§ **Provided data**
= = = = = = =
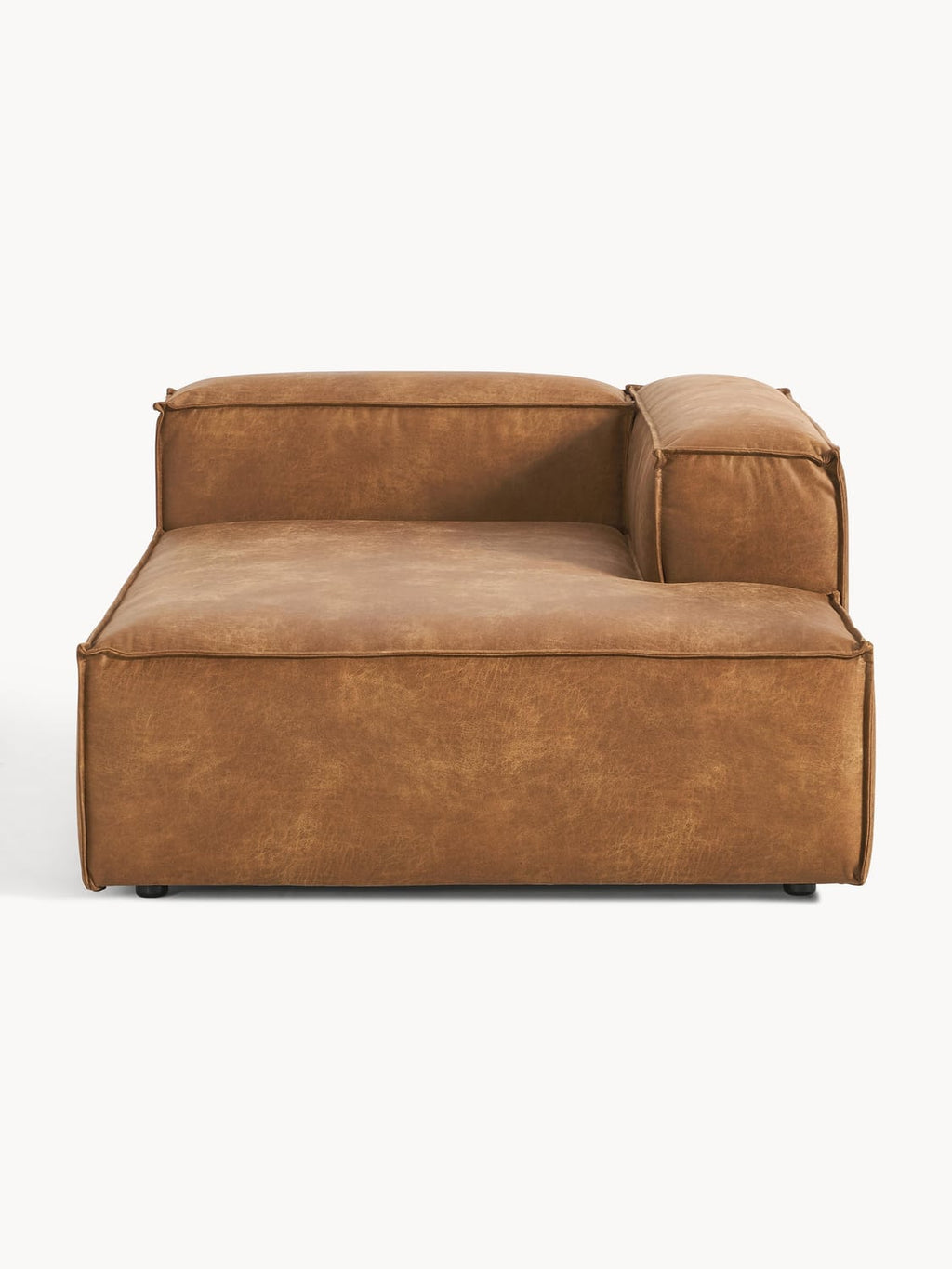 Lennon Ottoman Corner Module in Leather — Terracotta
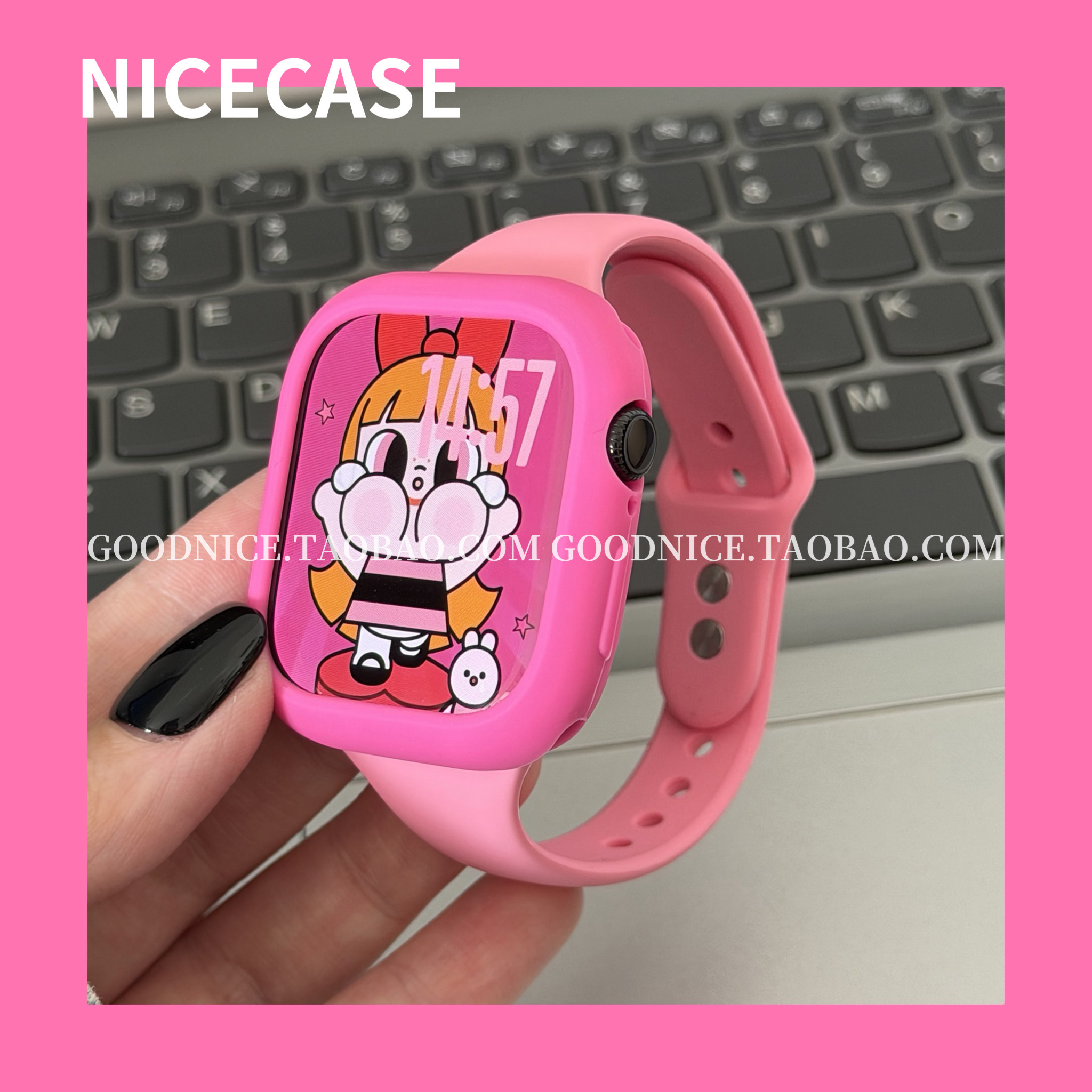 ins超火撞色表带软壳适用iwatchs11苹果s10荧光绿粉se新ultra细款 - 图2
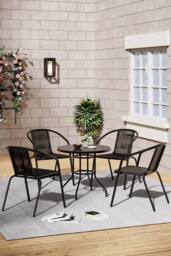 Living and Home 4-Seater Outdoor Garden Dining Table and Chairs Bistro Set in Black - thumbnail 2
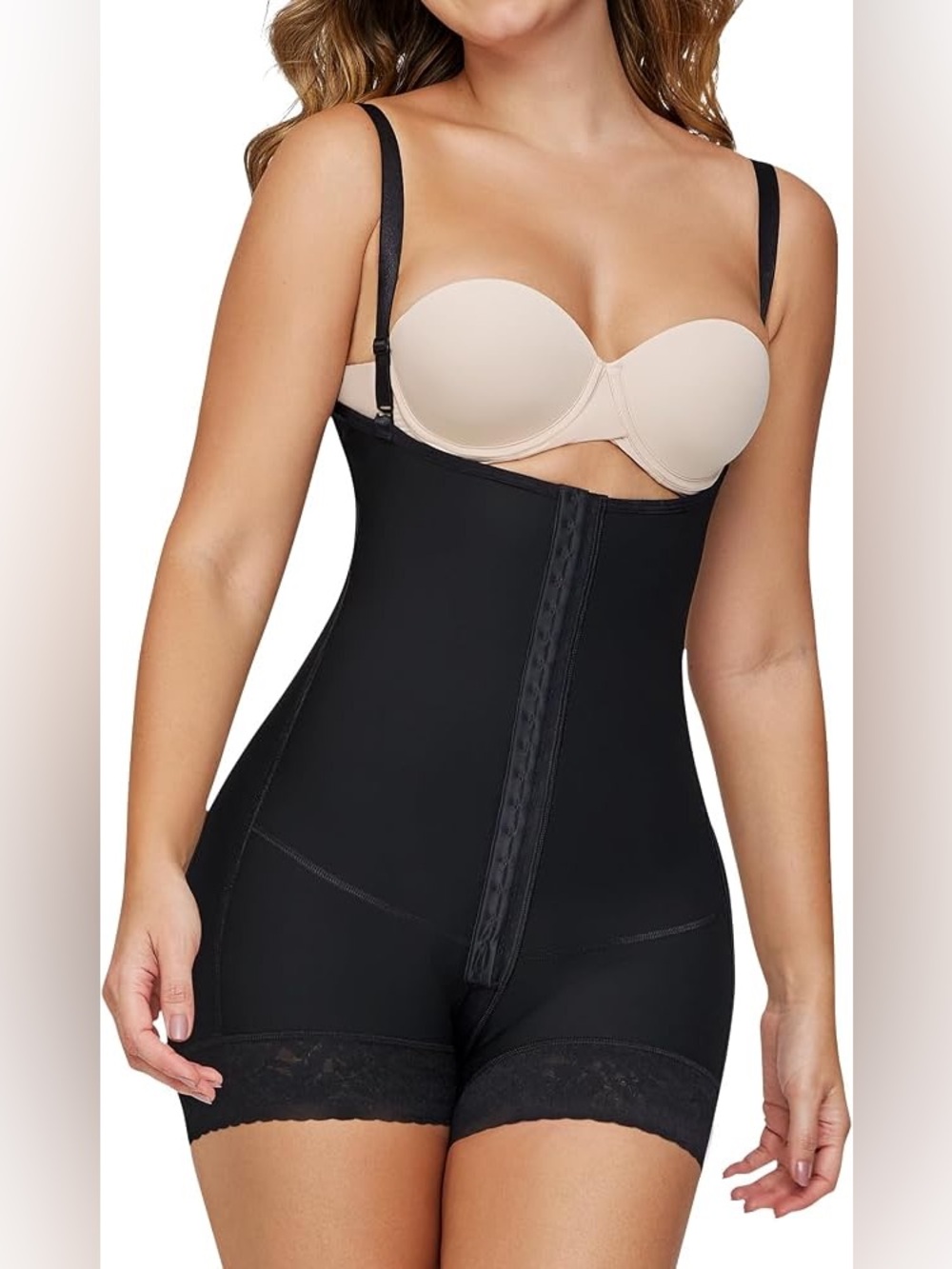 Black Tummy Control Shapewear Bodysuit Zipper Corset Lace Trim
= = = = = = =
§ **What is expected**
Only the lines from the one with "Living and Home" through the last line above belong in the answer. Reproduce them exactly, without the pictures.

§ **Solved problem**
 Living and Home 4-Seater Outdoor Garden Dining Table and Chairs Bistro Set in Black - thumbnail 2
 Black Tummy Control Shapewear Bodysuit Zipper Corset Lace Trim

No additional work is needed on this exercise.